Immagine di copertina
Illustrazione di Emanuele Fucecchi

Coronavirus Brescia: storia di un contagio. Il vero paziente 0 e quella RSA riaperta dalla Regione

Orzinuovi è un comune di circa 12mila abitanti nella bassa bresciana oggi tristemente conosciuto per essere diventato in pochi giorni uno dei maggiori focolai del Covid19. In quest’area a vocazione agricola, fulcro di scambi commerciali nel settore zootecnico, l’ultimo Mercato del fieno si è svolto il 28 febbraio, con agricoltori che arrivavano tra l’altro da Lodi, Codogno e Cremona. Qualche giorno prima, dal 14 al 16 febbraio, a Montichiari si teneva l’annuale Fiera Agricola Zootecnica. Credo diventeranno, nei racconti post pandemia, capitoli importanti per ricostruire lo sviluppo massiccio del virus nella nostra regione. A Orzinuovi i cittadini sono arrabbiati, come del resto in tutta la provincia bresciana, perché non c’è famiglia che non abbia subìto un lutto. E ad essere arrabbiati sono anche i parenti di quella moltitudine di persone che è corsa in ospedale con sintomi sospetti e che è stata rimandata a casa senza tampone per curarsi con il fai da te.

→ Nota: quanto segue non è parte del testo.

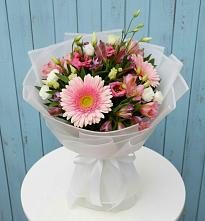 Букет цветов из:  Герберы, Альстромерии и Лизиантусы в Софрино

Famiglie intere che hanno cercato sollievo ai dolori con Aulin e Tachipirina, e tra queste c’è a chi è stato diagnosticato il Covid-19 al terzo ricovero. Ma l’incongruenza è che ai loro parenti, ai conviventi, a chi li ha frequentati mentre erano malati nessuno ha fatto alcun accertamento, con medici di base che non uscivano e che davano istruzioni al telefono, talvolta affidando ai figli tutte le competenze nell’assistere i genitori senza gli strumenti idonei. Una mosca bianca è però il Dottor Micheli che a Orzinuovi è stato soprannominato “l’eretico in tuta” in quanto, munito di quella che somiglia ad un’armatura ospedaliera, fa visita ai suoi pazienti spostandosi anche nei comuni limitrofi. Mi conferma che il primo paziente, morto purtroppo qualche giorno dopo, risale al 25 febbraio, ma che era già gravemente malato da una settimana. E’ dunque possibile che il virus circolasse già da molto prima e non è escluso – anche se per ora restano ipotesi – che il contagio sia partito proprio da questa zona.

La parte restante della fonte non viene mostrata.